Understanding the "New Executable" file format, which is required for OS/2, will allow you to appreciate how OS/2 operates.
DOS supports two binary file formats for executable files: .COM and .EXE. The .COM format was inherited from CP/M. The format is adequate for programs up to 64K in length that do not require relocation information for adjusting explicit references to segment addresses within the program. DOS loads a .COM file into memory at offset 100h in a segment and sets all four segment registers to the same segment address. Many small assembly language programs (such as those that appear regularly in the Productivity section of PC Magazine) use the .COM file format because it is compact and simple.
The .EXE format was designed specifically for DOS. It supports programs over 64K in length and those that make references to explicit segment addresses. A relocation table in the header section of the .EXE file allows DOS to adjust these references based on where the program is loaded into memory.
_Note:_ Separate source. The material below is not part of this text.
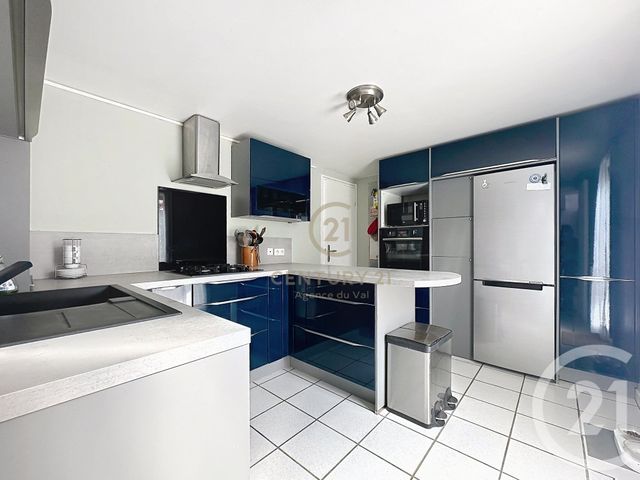 maison à vendre - 4 pièces - 96.78 m2 - NOISIEL - 77 - ILE-DE-FRANCE - Century 21 Agence Du Val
NOT ADEQUATE FOR OS/2 Neither the .COM format nor the .EXE format is suitable for a protected mode operating system such as OS/2. The .COM format is clearly inadequate because code and data share the same segment. Under OS/2, code and data must be located in separate segments.
The .EXE format is also inadequate because there is no information in the file that defines how the binary image of the executable breaks down into code and data segments. Although .EXE format programs often use separate segments for code and data, the operating system cannot determine where these segments begin and end in the file.
For this reason, a new format for executable files was required for OS/2. It's called (appropriately enough) the "New Executable" format, or sometimes the "Segmented Executable" format. The latter name indicates that the various code and data segments that make up the program are identified in the file.
Actually, the New Executable file format isn't all that new. It was first used with Microsoft Windows, which was introduced in November, 1985. The format is documented in the Windows 2.0 re Development Kit, in Appendix K of the all-new MS-DOS Encyclopedia (Microsoft Press, 1988), and in Microsoft's mammoth $3000 OS/2 Software Development Kit.
New Executable files have an .EXE extension because they incorporate the old MS-DOS executable format within the new format. Under OS/2, the New Executable format is used for all programs that run under protected-mode (these files can have a .EXE or a .COM extension), all dynamic link libraries (which have the extension .DLL), and all protected-mode device drivers (which have a .SYS extension).
Although you don't need to understand its format to program in OS/2, examining a typical New Executable file provides some valuable insights into the workings of OS/2. So, let's use a hex dump program on an OS/2 .EXE file and take a look. Since you probably don't yet have an OS/2 hex dump program, let's solve that problem right away.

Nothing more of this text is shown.